Muchos años formando e informando desde la insidia, la mentira y el desprecio;
muchos años incubando el huevo de la serpiente para que Vox y la sección ultra
del PP rentabilizaran el pensamiento dirigido, el miedo al otro, el desprecio
al diferente, el engaño aspiracionista, el empobrecimiento de los vínculos
sensibles y, sobre todo, el odio. Dice el cuento que la hormiga odiaba tanto a
la cucaracha que votó al insecticida. Murieron todos, incluso el grillo, que se
abstuvo.
Revisen sus
instituciones locales, ¿cuántos alcaldes y concejalas, reconocidos corruptos,
han recurrido a falacias e insultos y han sido votados masivamente? Revisen sus
redes, ¿cuántos comentarios denigrantes y amenazantes leen cada día? Revisen
sus medios locales, ¿no tienen en sus ciudades un periódico que permite
comentarios sustentados en las pulsiones más agresivas y destructivas?, ¿no hay
en cada pueblo un bloguero ponzoñoso y sicofante que escribe desde las
letrinas?, ¿y acaso no les permitimos las gracietas violentas a esos políticos
y periodistas de nuestro entorno? Al permitirlo, habría que recordar que cuando
un nazi se sienta a una mesa con otros diez comensales que lo justifican o
callan, hay once nazis en la mesa, según un dicho alemán.
En esa pasividad,
se inocula la vida fascista. Un fascismo que se basa en deshumanizar al otro,
cosificarlo mediante amenazas y ensañamiento. Desde hace años, Pablo Iglesias y
su familia han sido vapuleados, y no solo por las cloacas de Villarejo y
Ferreras sino en redes y en la misma puerta de su casa.
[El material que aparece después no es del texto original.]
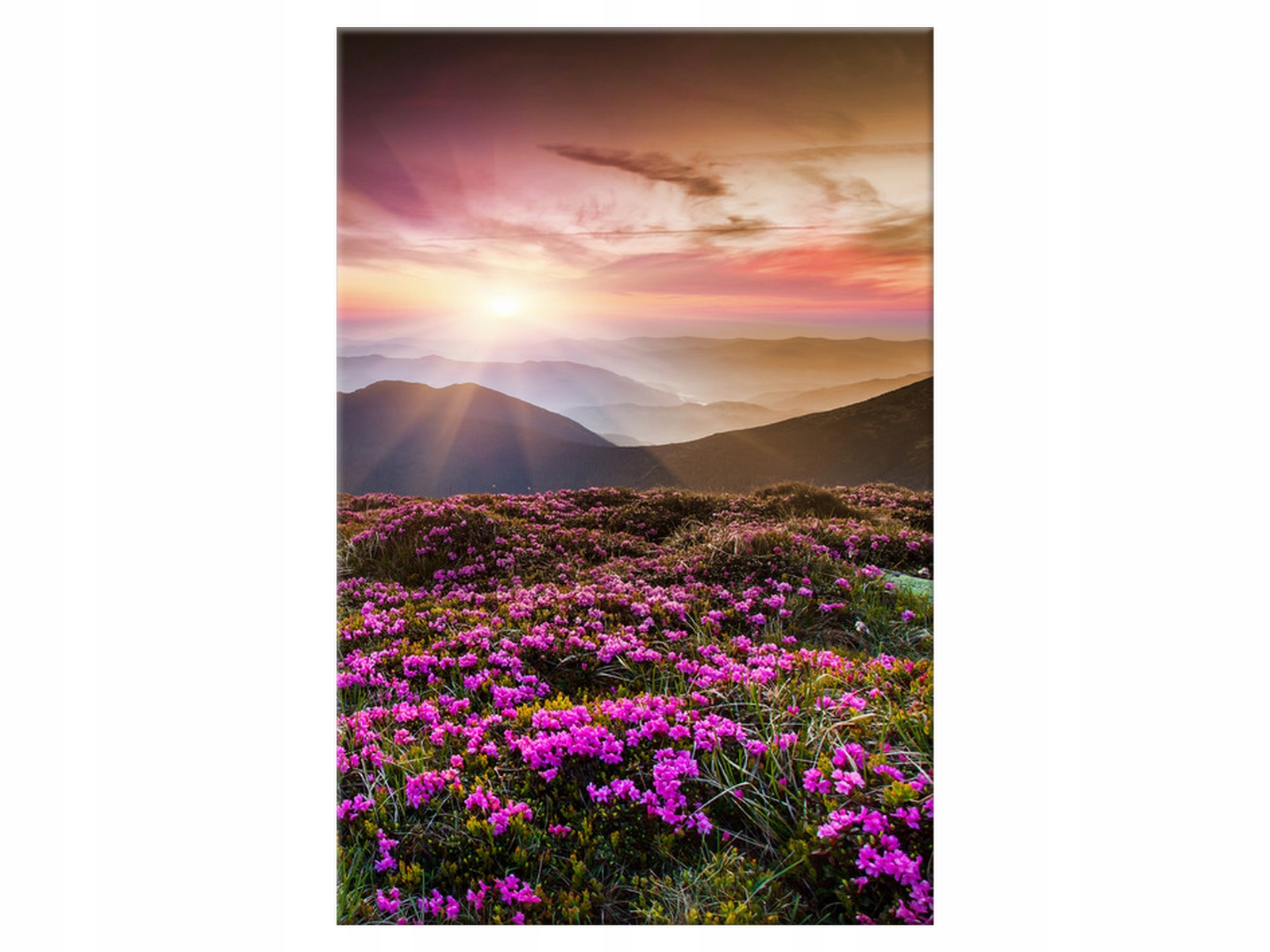 

Obraz 60x90 Łąka Piękny kraj60x90 Zachód słońca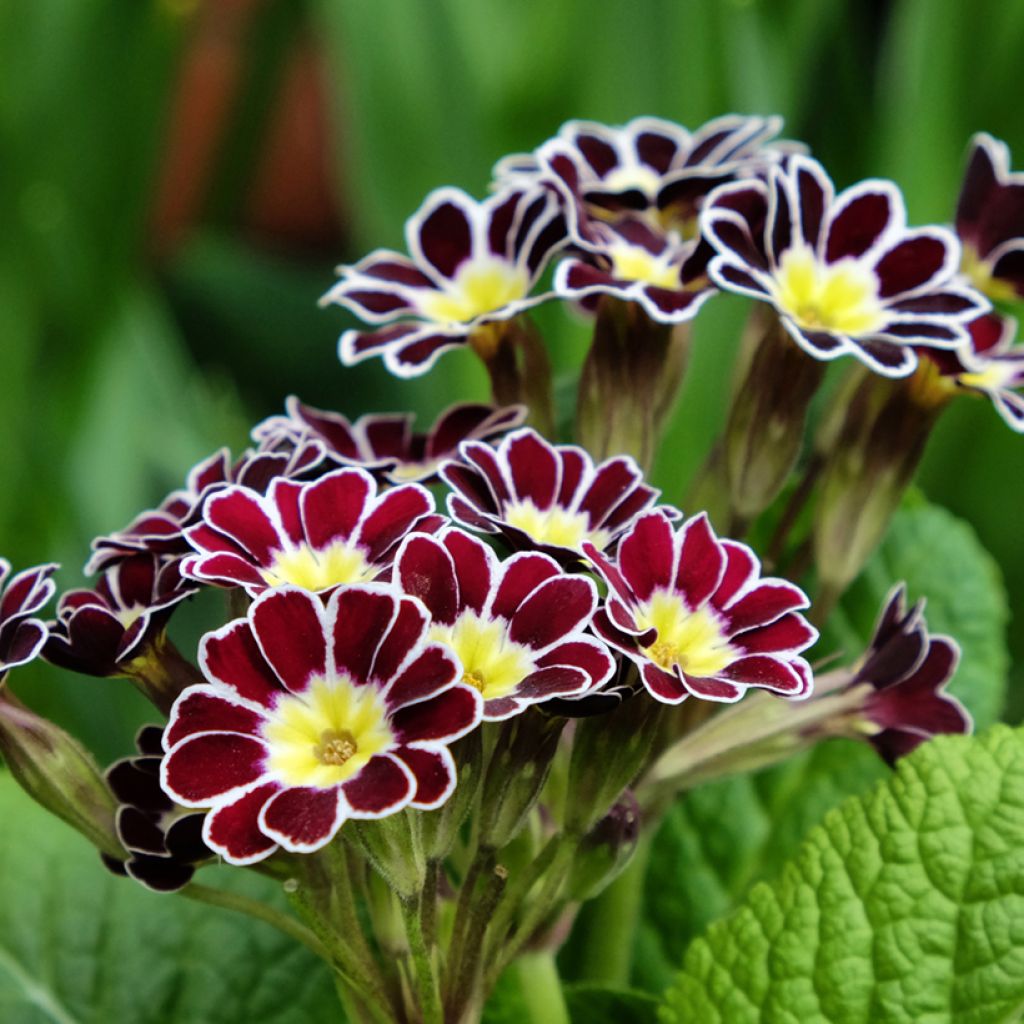 Primula eliator Victoriana Silver Lace Black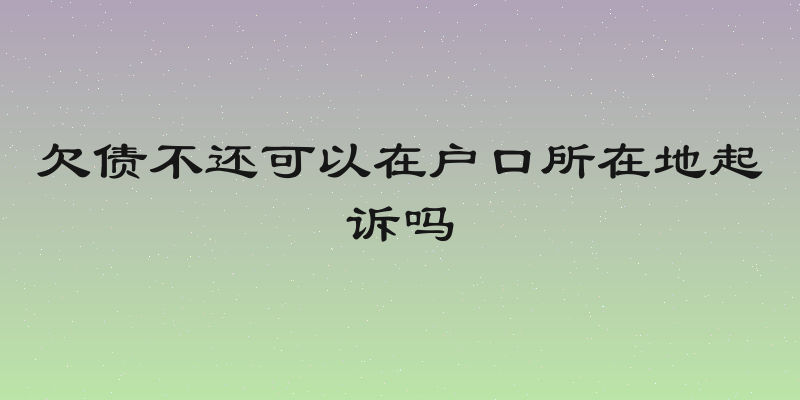 欠债不还可以在户口所在地起诉吗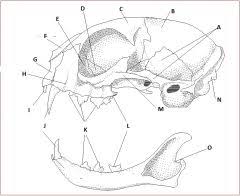 From mandibles and teeth to phalanges and spines, test your knowledge of bones in this quiz. Cat Skull Flashcards Cram Com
Hace unas semanas, el actor Roberto G. Alonso
fue agredido en una céntrica calle de Barcelona, al grito de maricón. De todas
las personas que vieron la agresión y escucharon los insultos, transeúntes y
trabajadores de la zona, ni una sola quiso denunciar o testificar. Hace unos
días, Óscar Puente era acosado en un tren por un macarra que hace apología de
la cocaína y que es defendido por el Partido Popular. En ninguno de esos casos,
la justicia ha actuado.
Aunque no hayamos
oído los avisos de la situación sociopolítica internacional para poner nuestras
barbas en remojo y aunque, a los de la periferia, Ayuso nos suene anómala y
mesetaria, nos hubiera bastado con atender a nuestro entorno más inmediato para
percibir que el caldo de cultivo de la ultraderecha, el veneno del odio, se
cuece a nuestro alrededor, incluso entre gente que se autodenominan de
progreso. Con este panorama, las mentiras de Feijoó, la violencia mediática de
periodistas y blogueros, la violencia verbal de Hernando, la violencia
ideológica de Cayetana y la violencia física de algunos representantes de Vox
durante la última campaña electoral tenían el terreno mejor abonado posible. El
pasado 23-J, el disparo dio en el poste, pero no nos asombremos si la próxima
vez marcan gol. Nuestra cobardía, nuestro silencio e incluso nuestra avaricia
han creado al monstruo, o lo que es peor, el monstruo somos nosotros.